Repeat the listing below word for word, leaving nothing out.
━━━━━ RECORDS SHOWN
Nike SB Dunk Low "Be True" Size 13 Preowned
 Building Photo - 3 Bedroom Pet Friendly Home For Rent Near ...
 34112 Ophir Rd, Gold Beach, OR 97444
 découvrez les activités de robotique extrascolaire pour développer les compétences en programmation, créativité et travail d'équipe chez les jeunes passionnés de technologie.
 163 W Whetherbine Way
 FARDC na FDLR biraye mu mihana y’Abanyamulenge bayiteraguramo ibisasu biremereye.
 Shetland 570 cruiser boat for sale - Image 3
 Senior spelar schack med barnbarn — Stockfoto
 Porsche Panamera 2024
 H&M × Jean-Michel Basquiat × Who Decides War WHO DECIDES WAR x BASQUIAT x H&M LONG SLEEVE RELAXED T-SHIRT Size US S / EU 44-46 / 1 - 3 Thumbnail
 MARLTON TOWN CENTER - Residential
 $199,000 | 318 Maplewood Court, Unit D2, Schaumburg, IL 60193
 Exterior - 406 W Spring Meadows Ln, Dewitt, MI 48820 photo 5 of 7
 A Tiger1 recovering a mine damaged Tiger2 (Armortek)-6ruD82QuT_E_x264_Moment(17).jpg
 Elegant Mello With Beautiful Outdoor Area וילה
━━━━━━━━━━
▶ _SOLVED EXERCISE_
Nike SB Dunk Low "Be True" Size 13 Preowned
 Building Photo - 3 Bedroom Pet Friendly Home For Rent Near ...
 34112 Ophir Rd, Gold Beach, OR 97444
 découvrez les activités de robotique extrascolaire pour développer les compétences en programmation, créativité et travail d'équipe chez les jeunes passionnés de technologie.
 163 W Whetherbine Way
 FARDC na FDLR biraye mu mihana y’Abanyamulenge bayiteraguramo ibisasu biremereye.
 Shetland 570 cruiser boat for sale - Image 3
 Senior spelar schack med barnbarn — Stockfoto
 Porsche Panamera 2024
 H&M × Jean-Michel Basquiat × Who Decides War WHO DECIDES WAR x BASQUIAT x H&M LONG SLEEVE RELAXED T-SHIRT Size US S / EU 44-46 / 1 - 3 Thumbnail
 MARLTON TOWN CENTER - Residential
 $199,000 | 318 Maplewood Court, Unit D2, Schaumburg, IL 60193
 Exterior - 406 W Spring Meadows Ln, Dewitt, MI 48820 photo 5 of 7
 A Tiger1 recovering a mine damaged Tiger2 (Armortek)-6ruD82QuT_E_x264_Moment(17).jpg
 Elegant Mello With Beautiful Outdoor Area וילה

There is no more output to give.